Check in the back of or under the refrigerator. The condensor and compressor get pretty warm. Baseboard heaters are a favorite hiding spot too.


----------



## laurarfl (Mar 11, 2013)

Also, put the basking area and food in a more secluded spot and not in the middle of a room. He may be more tempted to utilize it if he feels secure.


----------



## nepoez (Mar 12, 2013)

Thx all for the help and advise.. I've tried those, but for some reason, I am still not getting any results... it's been 3 days now


----------



## Tannaros (Mar 12, 2013)

nepoez said:


> Thx all for the help and advise.. I've tried those, but for some reason, I am still not getting any results... it's been 3 days now



I've never had a lizard escape on me - however, the snakes that have managed to find themselves let loose in my house generally took numerous days to emerge. My Hogg Island took a week and a half to find, because she apparently found the duct work in my house quite a pleasant area to be.

Three days isn't something to be terribly concerned about in my opinion. Chances area your tegu has found somewhere that they feel secure hiding in and sleeping. While roaming around the room my tegu has found numerous places he liked to hide in when he was smaller. Most notably anywhere in the closet, and my shoes.

If you'd really like to try something here's what I did when someone got out - I placed lines of flour at each doorway, I also put plastic bags in various rooms. That way I could track any movement, and hear any night time prowling. You can also most likely tap a bottle of baby powder to coat a small area and watch for drag marks in various directions.


----------



## agv0008 (Mar 12, 2013)

A friend of mine had a small ball python loose in the house for months... you could see tracks in the dust on the floor. They finally caught him in the corner of the warmest room in the house.

You could try warming up a particular room to see if you can get it to move that direction. 

Good luck. Don't give up!


----------



## nepoez (Mar 12, 2013)

Hm.. I know pythons can go a long time without food.. but my animal is a tegu and is just a child. Do you know how long he would last without food?


----------



## Dubya (Mar 12, 2013)

water is a lot more important. Leave water bowls around the house.


----------



## BatGirl1 (Mar 12, 2013)

All are good ideas. Maybe if you put water dish against a wall with a heat pad or bask light under or aimed at a hide he might like. What hide do you have in cage? Something 'familiar ' he likes? I would hope he'd go to it but understand animals sometimes may get into places we don't think of. The flour around walls/doorways/etc could help you locate him def. Gosh i feel so bad. My ball python got out before i knew they needed clips on the lid. Never imagined a snake would push a lid off way up there! Haha.we live, we learn. Long ago. But he ended up behind my hutch in the kitchen. Covered in webs. Yuck. And I still have him today...many years later  so yes don't give up.

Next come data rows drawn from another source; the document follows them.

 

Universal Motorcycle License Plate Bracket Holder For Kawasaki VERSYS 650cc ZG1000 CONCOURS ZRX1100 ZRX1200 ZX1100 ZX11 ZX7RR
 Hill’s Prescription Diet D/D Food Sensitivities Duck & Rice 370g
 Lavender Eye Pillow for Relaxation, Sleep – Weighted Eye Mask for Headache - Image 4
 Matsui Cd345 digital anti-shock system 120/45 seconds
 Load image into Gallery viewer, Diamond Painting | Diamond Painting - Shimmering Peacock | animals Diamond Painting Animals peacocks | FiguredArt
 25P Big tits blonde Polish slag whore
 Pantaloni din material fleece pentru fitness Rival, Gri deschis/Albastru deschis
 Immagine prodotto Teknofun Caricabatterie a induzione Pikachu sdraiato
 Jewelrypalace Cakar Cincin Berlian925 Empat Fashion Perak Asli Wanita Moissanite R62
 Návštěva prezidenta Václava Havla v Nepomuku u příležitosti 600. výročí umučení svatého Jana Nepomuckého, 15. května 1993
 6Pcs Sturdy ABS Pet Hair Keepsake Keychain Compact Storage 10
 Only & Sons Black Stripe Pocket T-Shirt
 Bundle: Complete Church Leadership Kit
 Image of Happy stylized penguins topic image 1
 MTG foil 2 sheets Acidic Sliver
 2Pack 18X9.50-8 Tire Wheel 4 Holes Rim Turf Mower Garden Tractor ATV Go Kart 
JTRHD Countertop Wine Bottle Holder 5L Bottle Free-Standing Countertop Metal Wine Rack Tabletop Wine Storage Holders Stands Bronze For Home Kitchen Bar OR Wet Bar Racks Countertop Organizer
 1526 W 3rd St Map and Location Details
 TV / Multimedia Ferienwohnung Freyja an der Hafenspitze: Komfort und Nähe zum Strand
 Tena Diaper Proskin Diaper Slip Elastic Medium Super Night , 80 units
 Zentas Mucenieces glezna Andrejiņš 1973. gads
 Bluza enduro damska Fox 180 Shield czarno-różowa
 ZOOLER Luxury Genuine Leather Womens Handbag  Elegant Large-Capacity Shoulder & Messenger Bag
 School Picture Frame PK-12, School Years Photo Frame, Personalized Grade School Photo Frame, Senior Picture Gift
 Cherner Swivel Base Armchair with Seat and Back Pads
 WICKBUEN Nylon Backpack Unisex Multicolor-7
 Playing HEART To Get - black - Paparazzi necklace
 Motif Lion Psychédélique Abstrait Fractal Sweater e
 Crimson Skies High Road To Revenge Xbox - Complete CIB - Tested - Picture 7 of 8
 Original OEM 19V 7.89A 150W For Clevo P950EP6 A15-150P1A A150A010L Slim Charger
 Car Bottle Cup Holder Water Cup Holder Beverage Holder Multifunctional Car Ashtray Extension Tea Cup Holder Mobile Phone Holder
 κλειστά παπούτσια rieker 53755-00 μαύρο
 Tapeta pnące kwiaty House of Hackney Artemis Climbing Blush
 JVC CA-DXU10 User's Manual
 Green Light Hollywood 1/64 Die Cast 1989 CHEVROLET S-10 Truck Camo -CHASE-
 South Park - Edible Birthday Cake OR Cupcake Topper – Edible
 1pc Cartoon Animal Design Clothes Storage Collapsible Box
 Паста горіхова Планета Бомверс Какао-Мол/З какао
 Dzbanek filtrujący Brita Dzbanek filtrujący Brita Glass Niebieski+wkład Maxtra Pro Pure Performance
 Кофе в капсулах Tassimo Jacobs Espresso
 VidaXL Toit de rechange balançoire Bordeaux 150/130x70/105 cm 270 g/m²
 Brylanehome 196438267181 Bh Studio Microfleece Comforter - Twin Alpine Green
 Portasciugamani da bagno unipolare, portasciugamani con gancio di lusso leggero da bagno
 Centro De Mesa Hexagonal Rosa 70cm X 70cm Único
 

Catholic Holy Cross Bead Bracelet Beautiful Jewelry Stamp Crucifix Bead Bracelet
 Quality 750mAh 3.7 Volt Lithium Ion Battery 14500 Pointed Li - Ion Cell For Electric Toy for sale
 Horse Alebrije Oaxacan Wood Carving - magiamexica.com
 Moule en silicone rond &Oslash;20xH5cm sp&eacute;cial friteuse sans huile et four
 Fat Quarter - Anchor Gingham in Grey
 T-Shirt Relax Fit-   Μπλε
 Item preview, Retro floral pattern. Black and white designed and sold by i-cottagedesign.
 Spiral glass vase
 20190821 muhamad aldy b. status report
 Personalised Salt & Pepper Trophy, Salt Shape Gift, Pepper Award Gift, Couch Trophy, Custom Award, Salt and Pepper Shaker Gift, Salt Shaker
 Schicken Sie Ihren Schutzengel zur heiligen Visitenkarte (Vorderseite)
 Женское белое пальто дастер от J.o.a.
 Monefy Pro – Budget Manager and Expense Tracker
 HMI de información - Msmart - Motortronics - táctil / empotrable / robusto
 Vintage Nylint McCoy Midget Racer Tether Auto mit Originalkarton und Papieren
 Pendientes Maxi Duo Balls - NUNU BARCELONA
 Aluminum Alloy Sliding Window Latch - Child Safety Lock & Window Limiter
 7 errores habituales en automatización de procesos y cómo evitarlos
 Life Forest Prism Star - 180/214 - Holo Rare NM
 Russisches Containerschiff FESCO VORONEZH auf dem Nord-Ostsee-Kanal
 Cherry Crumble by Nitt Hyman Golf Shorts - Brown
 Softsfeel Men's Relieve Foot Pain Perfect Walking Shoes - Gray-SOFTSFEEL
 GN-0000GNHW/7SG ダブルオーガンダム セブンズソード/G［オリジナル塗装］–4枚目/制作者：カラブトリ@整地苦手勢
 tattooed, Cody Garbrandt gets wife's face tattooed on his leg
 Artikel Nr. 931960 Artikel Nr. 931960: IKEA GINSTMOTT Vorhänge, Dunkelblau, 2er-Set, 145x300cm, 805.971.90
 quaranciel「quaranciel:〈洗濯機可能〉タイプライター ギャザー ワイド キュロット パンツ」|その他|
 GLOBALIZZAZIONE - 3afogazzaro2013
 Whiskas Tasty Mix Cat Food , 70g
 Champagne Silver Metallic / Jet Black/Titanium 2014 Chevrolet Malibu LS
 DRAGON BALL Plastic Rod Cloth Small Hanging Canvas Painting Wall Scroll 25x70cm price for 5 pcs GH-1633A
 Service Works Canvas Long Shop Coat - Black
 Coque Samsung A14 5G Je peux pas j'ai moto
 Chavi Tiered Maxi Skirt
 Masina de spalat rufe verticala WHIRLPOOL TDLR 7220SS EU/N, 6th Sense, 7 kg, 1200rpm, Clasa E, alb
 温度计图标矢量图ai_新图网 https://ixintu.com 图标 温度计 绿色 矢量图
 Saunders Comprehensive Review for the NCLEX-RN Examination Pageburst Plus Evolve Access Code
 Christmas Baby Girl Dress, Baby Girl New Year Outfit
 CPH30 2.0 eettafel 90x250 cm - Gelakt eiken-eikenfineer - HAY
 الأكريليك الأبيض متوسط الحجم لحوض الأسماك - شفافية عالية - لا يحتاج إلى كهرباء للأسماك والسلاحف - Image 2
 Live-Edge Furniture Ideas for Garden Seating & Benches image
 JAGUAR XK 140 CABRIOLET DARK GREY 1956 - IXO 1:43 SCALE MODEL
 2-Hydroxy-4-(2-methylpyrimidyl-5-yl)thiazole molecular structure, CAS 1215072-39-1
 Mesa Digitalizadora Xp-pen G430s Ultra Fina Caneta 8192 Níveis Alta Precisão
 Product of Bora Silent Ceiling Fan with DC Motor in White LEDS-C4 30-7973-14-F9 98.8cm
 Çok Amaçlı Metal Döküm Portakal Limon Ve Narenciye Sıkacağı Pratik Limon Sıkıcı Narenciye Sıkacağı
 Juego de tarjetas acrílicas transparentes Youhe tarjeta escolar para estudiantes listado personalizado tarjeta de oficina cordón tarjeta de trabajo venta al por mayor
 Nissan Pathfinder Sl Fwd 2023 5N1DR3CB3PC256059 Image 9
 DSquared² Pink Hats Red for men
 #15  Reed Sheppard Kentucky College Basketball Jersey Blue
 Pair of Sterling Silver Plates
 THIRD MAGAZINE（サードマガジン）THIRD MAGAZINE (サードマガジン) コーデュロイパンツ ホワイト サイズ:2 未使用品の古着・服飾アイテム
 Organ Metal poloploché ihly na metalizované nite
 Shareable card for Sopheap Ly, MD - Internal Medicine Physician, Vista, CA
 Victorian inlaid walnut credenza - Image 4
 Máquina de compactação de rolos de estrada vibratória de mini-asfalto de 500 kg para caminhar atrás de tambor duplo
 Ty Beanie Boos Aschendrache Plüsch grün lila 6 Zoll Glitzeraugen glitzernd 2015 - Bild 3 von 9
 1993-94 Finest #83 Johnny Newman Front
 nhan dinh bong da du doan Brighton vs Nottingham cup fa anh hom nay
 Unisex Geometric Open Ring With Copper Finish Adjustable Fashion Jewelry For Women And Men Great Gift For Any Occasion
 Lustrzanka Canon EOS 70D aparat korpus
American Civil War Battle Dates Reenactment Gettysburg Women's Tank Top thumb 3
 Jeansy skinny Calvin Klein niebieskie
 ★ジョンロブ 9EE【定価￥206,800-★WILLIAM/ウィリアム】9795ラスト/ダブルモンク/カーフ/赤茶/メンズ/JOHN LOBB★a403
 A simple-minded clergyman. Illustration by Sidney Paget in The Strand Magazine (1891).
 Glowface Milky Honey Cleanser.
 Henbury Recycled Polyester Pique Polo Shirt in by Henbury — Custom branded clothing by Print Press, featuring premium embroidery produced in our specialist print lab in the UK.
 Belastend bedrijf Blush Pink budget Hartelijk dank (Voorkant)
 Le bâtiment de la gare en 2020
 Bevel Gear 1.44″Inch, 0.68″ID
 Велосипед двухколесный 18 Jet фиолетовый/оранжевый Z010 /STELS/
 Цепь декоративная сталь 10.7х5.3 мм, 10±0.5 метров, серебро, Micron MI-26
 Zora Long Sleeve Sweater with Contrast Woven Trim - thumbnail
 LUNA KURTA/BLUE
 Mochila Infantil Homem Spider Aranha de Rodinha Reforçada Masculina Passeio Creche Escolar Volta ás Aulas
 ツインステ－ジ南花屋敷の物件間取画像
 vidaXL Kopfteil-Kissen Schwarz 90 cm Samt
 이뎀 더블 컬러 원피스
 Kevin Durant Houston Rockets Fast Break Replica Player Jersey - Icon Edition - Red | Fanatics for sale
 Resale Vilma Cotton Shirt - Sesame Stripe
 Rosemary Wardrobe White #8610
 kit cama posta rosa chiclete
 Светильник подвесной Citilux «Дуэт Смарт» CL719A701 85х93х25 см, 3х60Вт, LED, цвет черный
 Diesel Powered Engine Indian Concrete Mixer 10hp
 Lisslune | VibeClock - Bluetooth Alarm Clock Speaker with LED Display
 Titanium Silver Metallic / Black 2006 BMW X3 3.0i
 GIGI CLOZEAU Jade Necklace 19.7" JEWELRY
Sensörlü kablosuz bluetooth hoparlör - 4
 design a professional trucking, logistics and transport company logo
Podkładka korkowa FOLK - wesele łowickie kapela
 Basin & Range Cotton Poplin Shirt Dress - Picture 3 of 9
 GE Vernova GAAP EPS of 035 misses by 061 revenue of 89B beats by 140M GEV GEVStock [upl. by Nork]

Try all the advice.waiting sucks but keep looking and relooking.  prayers for a safe return!


----------



## nepoez (Mar 14, 2013)

really sad... I think he would be dead by now 


4 day without food or water, he never came out to my food and dishes


----------



## Dubya (Mar 14, 2013)

He may still be alive. Reptiles can go a lot longer than mammals without food and water. Keep trying. He may have found water somewhere. Maybe condensation on the outside of the toilet bowl or cold water pipes.


----------



## Tannaros (Mar 14, 2013)

nepoez said:


> really sad... I think he would be dead by now
> 
> 
> 4 day without food or water, he never came out to my food and dishes





That's a little dramatic. I doubt he'd be dead within 4 days, assuming he was well fed before hand.

His temperatures are much lower, so his metabolic rate is also much lower, causing him to be less active, and require less energy. I would bet that more than likely once he gets hungry you'll discover him wandering around in search of food.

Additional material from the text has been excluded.